第三章 クッキー・マジシャンズ
第11話 夢を追う君へ
ドアがノックされた。
「入りたまえ!」
「――失礼します」
グスターボがまた決算書を持って来た。今回は見なくても結果は分かる。
「月次決算書です……」
ゲラシウスはふんだくるように書類を取り、純利益を見る。
予想通り、また利益が下がっている。
依頼成功率が激減したのだから当然だ。
「なぜ依頼達成率が下がったのか分析できたのかね?」
「できた事はできたのですが……」
「何だね? さっさと言いたまえ」
「いえ、その……非常に申し上げにくい事ですので……」
「いいから言え! どんな事でも私は怒らん!」
「も、申し訳ありません! では伝えさせていただきます。 我々の調査の結果、一つの依頼に割り当てられる人員が減ったのと、パーティー構成に問題があると――」
「貴様!! この私の責任であるというのか!!」
ゲラシウスはドンッ! と机を叩いた。
「い、いえ! とんでもございません!」
「私のせいではない! お前達の努力不足なのだ! 違うか!」
「は、はい! ギルド長のおっしゃるとりです!」
「分かればよろしい! ではメンバーにもっと努力しろと伝えるのだ! ――他に何かあるか?」
「はい。エクレア・シュトルーデルの復帰は、まだ難しいようです」
「駄目だ! これ以上の休暇は認めん! 何とかして出勤させろ!」
「か、かしこまりました! 説得できそうな者に頼んでみます!」
何が、「アタシ、戦える精神状態じゃないです」だ。
あの小娘のせいで、我がギルドの評価は大幅下落なのだ。こっちの方がよっぽど精神的にきてる。
今すぐお仕置きしてやらねばならん。
「げへへ……」
ゲラシウスは股間を膨らませ、舌なめずりをする。
「それとレイの妹が、新規に魔術師ギルドを設立しました。もちろんレイの奴めも、そのギルドに所属しています」
「な、何だと!?」
* * *
俺とアリスは街の酒場に挨拶回りに行く。
【高潔なる導き手】にいた頃は、営業にも力を入れていた。
その為、どこの誰に顔を憶えてもらえばいいのかは、完全に把握できている。
「――よし、これで終わりだ。よく頑張ったなアリス。何か甘い物でも食べに行くか?」
反応は無い。だが、こいつは甘い物が大好きだ。きっと喜んでいるだろう。
俺達は近所のカフェに入り、紅茶二つと安いワンホールケーキを注文した。
「ちゃんとフォークを使っているな。偉いぞ」
最近は、ちゃんと食器を使えるようになってきた。
それまでは基本手づかみ、スープであれば顔を突っ込むという食べ方だったので、外食は不可能だった。
「美味いか。良かったな」
好きな物を食べている時は、俺の方をあまり見なくなる。
最近やっと、それが分かって来た。
俺はアリスの胸を見る。――いや、谷間を見ているのではない。首から下げられたプレートを見ているのだ。
銅で作られたプレートには【クッキー・マジシャンズ】と書かれている。
ダサい事この上なしだが、アリスがその名前にしたいと言っていたのだ。――もちろん人間の方である。

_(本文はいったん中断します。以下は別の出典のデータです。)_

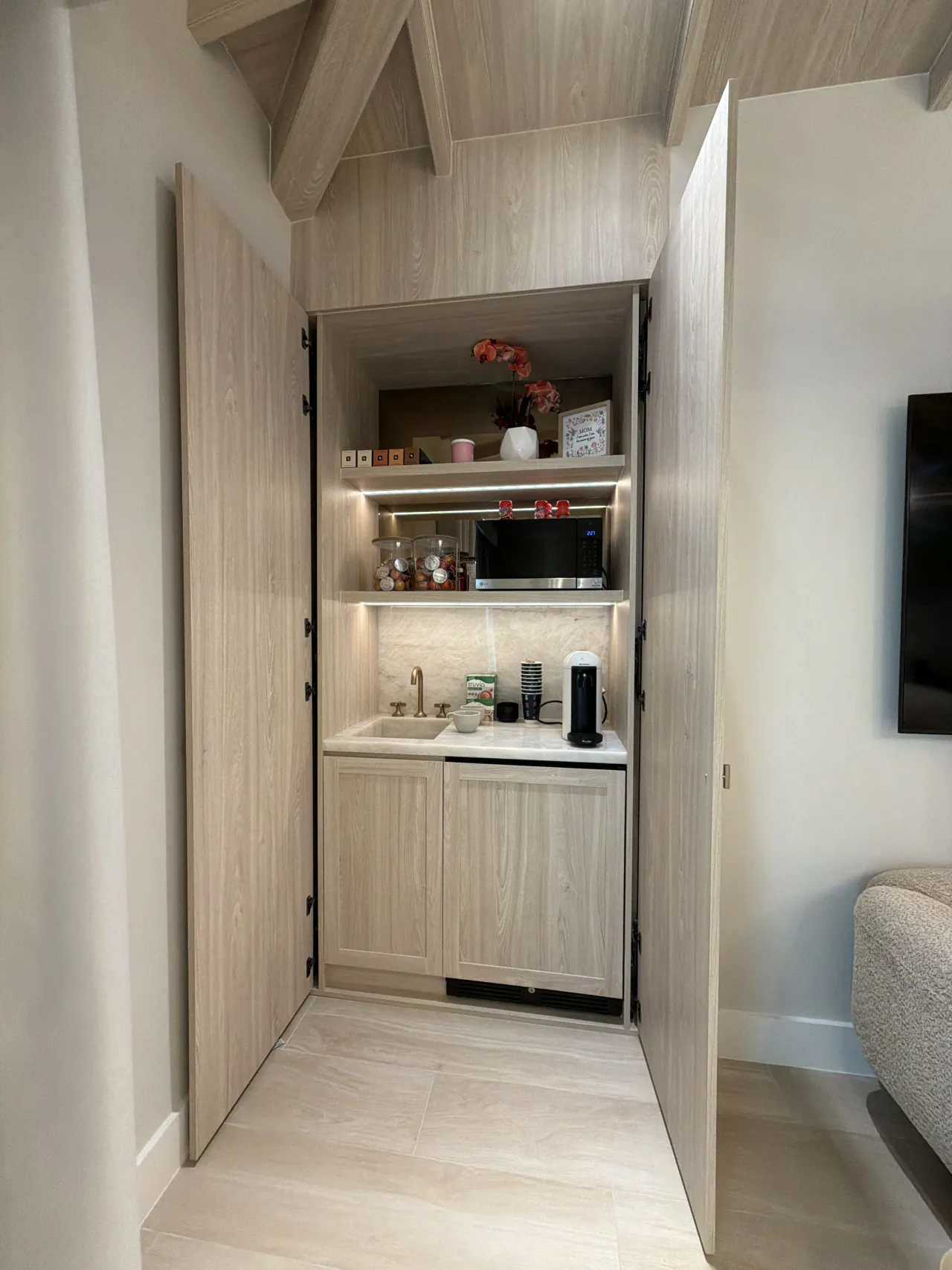 Kitchenette niche behind tall wood-grain melamine doors, with a sink, microwave, lit shelves, and a light stone backsplash and counter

(ようやく、お前の夢の第一歩を叶えてやれた。遅くなってすまんな……)
俺はバッグから最新号の四季報を取り出し、ページをめくる。
銅級679/679位。これが今の俺達のランクだ。
設立したばかりなので、最下位なのは仕方ない。
俺は銀級のページを眺める。――あった。
【高潔なる導き手】銀級17/241位。
前回は金級26/58位だった。大幅なランクダウンだ。
すでに魔術師ギルド本部には、ロビンソンとギシュールの凶行が伝わっている。
エクレアを救出した後、俺は林業ギルド長ヤニック・イベールに事件の経緯を説明した。
彼は【高潔なる導き手】を強く非難し、デポルカの街の領主ジェイラン・ラペルト伯爵と、魔術師ギルド本部にこの事を報告したのだ。
俺とアリスは、ラペルト伯より、金一封と勲章を授与された。
無償でエクレアを救出し、トレント数体を退治した事を評価されたのだ。
勲章が貰えたのは非常に大きい。これが無かったらギルドは設立できなかった。
何故ならギルド長になれる条件が、上級魔法を使える事と、一定の功績がある事だからだ。
意外にも学歴は必要とされない。
良い学校を出ても、伸び悩む魔術師は非常に多いので、完全な実力主義としたのだろう。
「アリス、白金級1位を狙って頑張って行こうな」
アリスはチラリと俺を見ると、すぐにケーキを頬張った。